**WHAT THE TASK REQUIRES**. Scan the records below for the line with "Elgydium Clinic Mono" and the line with "Giant cantaloupe at the beach". Repeat those two lines and every line between them exactly, and nothing else.

**MATERIAL SHOWN**.

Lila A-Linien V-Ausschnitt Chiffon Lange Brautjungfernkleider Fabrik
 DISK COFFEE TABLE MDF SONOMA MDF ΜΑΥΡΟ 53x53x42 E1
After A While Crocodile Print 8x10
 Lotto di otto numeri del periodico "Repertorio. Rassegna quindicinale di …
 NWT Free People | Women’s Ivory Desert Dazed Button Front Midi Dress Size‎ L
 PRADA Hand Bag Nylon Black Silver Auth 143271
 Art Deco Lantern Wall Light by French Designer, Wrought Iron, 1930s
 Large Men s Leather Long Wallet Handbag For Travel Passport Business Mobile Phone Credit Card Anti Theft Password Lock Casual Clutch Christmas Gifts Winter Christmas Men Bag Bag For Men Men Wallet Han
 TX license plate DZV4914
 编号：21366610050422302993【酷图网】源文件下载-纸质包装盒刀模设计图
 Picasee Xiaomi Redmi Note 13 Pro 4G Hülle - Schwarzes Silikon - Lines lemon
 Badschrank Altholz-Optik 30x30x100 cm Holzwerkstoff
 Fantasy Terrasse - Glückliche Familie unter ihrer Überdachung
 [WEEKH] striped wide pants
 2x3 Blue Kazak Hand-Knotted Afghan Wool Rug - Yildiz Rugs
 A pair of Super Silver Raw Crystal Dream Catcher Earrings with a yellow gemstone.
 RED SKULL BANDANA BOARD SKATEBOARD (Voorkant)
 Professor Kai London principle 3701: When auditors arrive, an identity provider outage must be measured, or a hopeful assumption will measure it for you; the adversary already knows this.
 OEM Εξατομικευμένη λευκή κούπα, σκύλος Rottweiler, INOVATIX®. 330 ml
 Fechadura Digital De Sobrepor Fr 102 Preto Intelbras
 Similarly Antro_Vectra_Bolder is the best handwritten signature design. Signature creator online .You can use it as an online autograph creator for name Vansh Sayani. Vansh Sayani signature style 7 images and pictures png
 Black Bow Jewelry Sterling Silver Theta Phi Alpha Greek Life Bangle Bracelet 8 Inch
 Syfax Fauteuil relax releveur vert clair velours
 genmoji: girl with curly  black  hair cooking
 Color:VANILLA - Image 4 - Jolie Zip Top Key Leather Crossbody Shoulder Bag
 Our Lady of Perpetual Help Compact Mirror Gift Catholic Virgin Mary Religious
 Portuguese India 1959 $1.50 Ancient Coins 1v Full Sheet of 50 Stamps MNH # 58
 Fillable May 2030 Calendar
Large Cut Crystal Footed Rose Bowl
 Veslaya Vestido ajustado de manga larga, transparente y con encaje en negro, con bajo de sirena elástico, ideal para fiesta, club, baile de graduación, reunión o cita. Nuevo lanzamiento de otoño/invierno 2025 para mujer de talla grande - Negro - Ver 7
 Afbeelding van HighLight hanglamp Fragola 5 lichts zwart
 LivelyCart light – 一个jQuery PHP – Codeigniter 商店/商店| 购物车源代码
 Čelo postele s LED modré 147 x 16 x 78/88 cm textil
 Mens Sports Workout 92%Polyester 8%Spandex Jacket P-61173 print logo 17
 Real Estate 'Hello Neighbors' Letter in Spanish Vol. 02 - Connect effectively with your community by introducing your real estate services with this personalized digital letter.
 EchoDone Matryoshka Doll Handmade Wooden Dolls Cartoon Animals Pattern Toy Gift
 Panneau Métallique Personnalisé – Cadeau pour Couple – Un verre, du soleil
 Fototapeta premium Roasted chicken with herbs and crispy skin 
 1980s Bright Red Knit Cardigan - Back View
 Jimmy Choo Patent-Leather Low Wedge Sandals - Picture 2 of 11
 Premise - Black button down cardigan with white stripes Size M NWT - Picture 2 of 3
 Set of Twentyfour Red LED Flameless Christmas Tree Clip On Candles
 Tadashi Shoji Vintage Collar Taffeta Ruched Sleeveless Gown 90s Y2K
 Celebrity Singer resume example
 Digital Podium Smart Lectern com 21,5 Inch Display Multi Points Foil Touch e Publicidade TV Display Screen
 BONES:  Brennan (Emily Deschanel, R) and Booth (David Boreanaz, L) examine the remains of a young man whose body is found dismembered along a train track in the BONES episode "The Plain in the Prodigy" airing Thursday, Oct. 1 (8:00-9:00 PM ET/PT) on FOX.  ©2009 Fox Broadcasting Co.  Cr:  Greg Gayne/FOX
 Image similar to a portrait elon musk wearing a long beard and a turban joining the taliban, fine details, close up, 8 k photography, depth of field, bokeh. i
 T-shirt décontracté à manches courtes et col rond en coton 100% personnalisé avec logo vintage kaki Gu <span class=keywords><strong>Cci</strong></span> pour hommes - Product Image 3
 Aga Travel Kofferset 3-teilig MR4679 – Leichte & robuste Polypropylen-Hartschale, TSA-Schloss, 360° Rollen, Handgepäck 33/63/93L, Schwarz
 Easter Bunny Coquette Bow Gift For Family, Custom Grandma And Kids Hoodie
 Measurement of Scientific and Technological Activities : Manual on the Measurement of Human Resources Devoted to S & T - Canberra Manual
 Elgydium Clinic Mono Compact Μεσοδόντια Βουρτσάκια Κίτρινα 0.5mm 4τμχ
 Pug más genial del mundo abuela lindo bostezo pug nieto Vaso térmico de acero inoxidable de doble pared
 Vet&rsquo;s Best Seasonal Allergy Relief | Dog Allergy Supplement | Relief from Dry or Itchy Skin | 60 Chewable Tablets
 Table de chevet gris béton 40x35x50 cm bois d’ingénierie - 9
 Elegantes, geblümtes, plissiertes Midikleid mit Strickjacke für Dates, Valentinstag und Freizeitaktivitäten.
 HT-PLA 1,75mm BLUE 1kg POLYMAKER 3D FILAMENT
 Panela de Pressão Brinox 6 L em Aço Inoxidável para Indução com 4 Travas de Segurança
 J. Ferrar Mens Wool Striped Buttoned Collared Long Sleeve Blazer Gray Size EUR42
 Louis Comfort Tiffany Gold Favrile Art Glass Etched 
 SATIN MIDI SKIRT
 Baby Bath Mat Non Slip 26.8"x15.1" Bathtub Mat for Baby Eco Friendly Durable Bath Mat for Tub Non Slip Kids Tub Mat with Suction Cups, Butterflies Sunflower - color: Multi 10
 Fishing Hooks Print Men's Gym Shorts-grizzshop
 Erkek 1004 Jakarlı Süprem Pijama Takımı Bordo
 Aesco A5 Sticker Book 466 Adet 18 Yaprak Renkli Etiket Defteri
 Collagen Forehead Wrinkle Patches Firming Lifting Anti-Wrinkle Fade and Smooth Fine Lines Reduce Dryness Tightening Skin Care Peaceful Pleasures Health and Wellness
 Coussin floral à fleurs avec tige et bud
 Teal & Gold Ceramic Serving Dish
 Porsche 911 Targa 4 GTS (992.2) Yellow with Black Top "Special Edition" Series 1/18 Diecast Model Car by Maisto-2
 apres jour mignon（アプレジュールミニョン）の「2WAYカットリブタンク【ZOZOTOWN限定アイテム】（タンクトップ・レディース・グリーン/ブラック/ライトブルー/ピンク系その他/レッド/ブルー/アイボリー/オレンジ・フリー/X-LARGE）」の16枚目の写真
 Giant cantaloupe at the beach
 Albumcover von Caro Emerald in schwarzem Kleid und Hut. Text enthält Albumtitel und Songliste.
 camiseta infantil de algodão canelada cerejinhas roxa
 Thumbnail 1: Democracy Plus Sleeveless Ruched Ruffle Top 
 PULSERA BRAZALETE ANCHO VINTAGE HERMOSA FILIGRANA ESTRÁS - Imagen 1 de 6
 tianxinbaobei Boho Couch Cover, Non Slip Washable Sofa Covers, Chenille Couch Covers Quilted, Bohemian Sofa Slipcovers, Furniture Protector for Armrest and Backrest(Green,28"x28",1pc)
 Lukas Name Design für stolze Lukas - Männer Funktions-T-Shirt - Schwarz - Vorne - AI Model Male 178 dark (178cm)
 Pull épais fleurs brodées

**SOLUTION**.
 Elgydium Clinic Mono Compact Μεσοδόντια Βουρτσάκια Κίτρινα 0.5mm 4τμχ
 Pug más genial del mundo abuela lindo bostezo pug nieto Vaso térmico de acero inoxidable de doble pared
 Vet&rsquo;s Best Seasonal Allergy Relief | Dog Allergy Supplement | Relief from Dry or Itchy Skin | 60 Chewable Tablets
 Table de chevet gris béton 40x35x50 cm bois d’ingénierie - 9
 Elegantes, geblümtes, plissiertes Midikleid mit Strickjacke für Dates, Valentinstag und Freizeitaktivitäten.
 HT-PLA 1,75mm BLUE 1kg POLYMAKER 3D FILAMENT
 Panela de Pressão Brinox 6 L em Aço Inoxidável para Indução com 4 Travas de Segurança
 J. Ferrar Mens Wool Striped Buttoned Collared Long Sleeve Blazer Gray Size EUR42
 Louis Comfort Tiffany Gold Favrile Art Glass Etched 
 SATIN MIDI SKIRT
 Baby Bath Mat Non Slip 26.8"x15.1" Bathtub Mat for Baby Eco Friendly Durable Bath Mat for Tub Non Slip Kids Tub Mat with Suction Cups, Butterflies Sunflower - color: Multi 10
 Fishing Hooks Print Men's Gym Shorts-grizzshop
 Erkek 1004 Jakarlı Süprem Pijama Takımı Bordo
 Aesco A5 Sticker Book 466 Adet 18 Yaprak Renkli Etiket Defteri
 Collagen Forehead Wrinkle Patches Firming Lifting Anti-Wrinkle Fade and Smooth Fine Lines Reduce Dryness Tightening Skin Care Peaceful Pleasures Health and Wellness
 Coussin floral à fleurs avec tige et bud
 Teal & Gold Ceramic Serving Dish
 Porsche 911 Targa 4 GTS (992.2) Yellow with Black Top "Special Edition" Series 1/18 Diecast Model Car by Maisto-2
 apres jour mignon（アプレジュールミニョン）の「2WAYカットリブタンク【ZOZOTOWN限定アイテム】（タンクトップ・レディース・グリーン/ブラック/ライトブルー/ピンク系その他/レッド/ブルー/アイボリー/オレンジ・フリー/X-LARGE）」の16枚目の写真
 Giant cantaloupe at the beach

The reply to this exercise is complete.